Any additional keyword arguments, the keywords of which may or may not already be in ‘kwargs_dict’

spateo.plotting.static.utils._dendrogram_sig(data: numpy.ndarray, method: str, **kwargs) Tuple[List[int], List[int], List[int], List[int]][source]#
spateo.plotting.static.utils.dendrogram(adata: anndata.AnnData, cat_key: str, n_pcs: int = 30, use_rep: None | str = None, var_names: None | List[str] = None, cor_method: str = 'pearson', linkage_method: str = 'complete', optimal_ordering: bool = False, key_added: None | str = None, inplace: bool = True) Dict[str, Any] | None[source]#

Computes a hierarchical clustering for the categories given by ‘cat_key’.

By default, the PCA representation is used unless .X has less than 50 variables.

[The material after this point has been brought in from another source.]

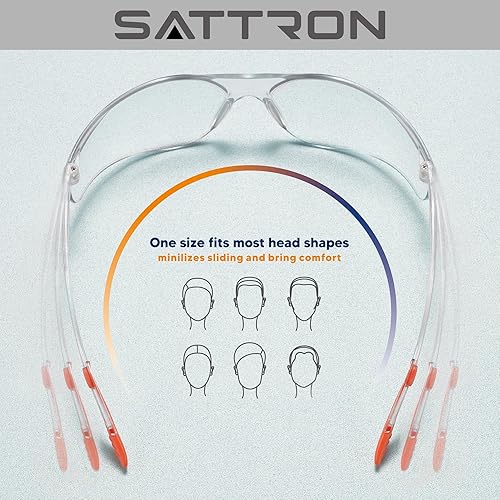 Miniatura 5 de SATTRON Paquete de 24 lentes de seguridad transparentes, con protección UV, para hombres y mujeres, ANSI Z87.1, protección ocular resistente a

Alternatively, a list of var_names (e.g. genes) can be given. If this is the case, will subset to these features and use them for the dendrogram.

Parameters:
adata

object of class anndata.AnnData

cat_key

Name of key in .obs specifying group labels for each sample

n_pcs

Number of principal components to use in computing hierarchical clustering

use_rep

Entry in .obsm to use for computing hierarchical clustering

var_names

List of genes to define a subset of ‘adata’ to compute hierarchical clustering directly on expression values.

cor_method

Correlation method to use. Options are ‘pearson’, ‘kendall’, and ‘spearman’

linkage_method

Linkage method to use. See scipy.cluster.hierarchy.linkage() for more information.

optimal_ordering

Same as the optimal_ordering argument of scipy.cluster.hierarchy.linkage() which reorders the linkage matrix so that the distance between successive leaves is minimal.

key_added

Sets key in .uns in which dendrogram information is saved. By default, the dendrogram information is added to .uns[f’dendrogram_{cat_key}’].

inplace

If True, adds dendrogram information to adata.uns[key_added], else this function returns the information.

Returns:

If inplace=False, returns dendrogram information, else adata object is updated in place with information stored in adata.uns[key_added].

spateo.plotting.static.utils.plot_dendrogram(dendro_ax: matplotlib.axes.Axes, adata: anndata.AnnData, cat_key: str, dendrogram_key: None | str = None, orientation: typing_extensions.Literal[top, bottom, left, right] = 'right', remove_labels: bool = True, ticks: None | Collection[float] = None)[source]#

Plots dendrogram on the provided Axes, using the dendrogram information stored in .uns[dendrogram_key]

Parameters:
dendro_ax

object of class matplotlib.axes.Axes

adata

object of class anndata.AnnData Contains dendrogram information as well as the data that will be plotted (and was used to hierarchically cluster)

cat_key

Key in .obs containing category labels for all samples

dendrogram_key

orientation

Specifies dendrogram placement relative to the plotting window. Options: ‘top’, ‘bottom’, ‘left’, ‘right’

remove_labels

Removes labels along the side that dendrogram is on, if any

ticks

Assumes original ticks come from scipy.cluster.hierarchy.dendrogram, but if not can also pass a list of custom tick values.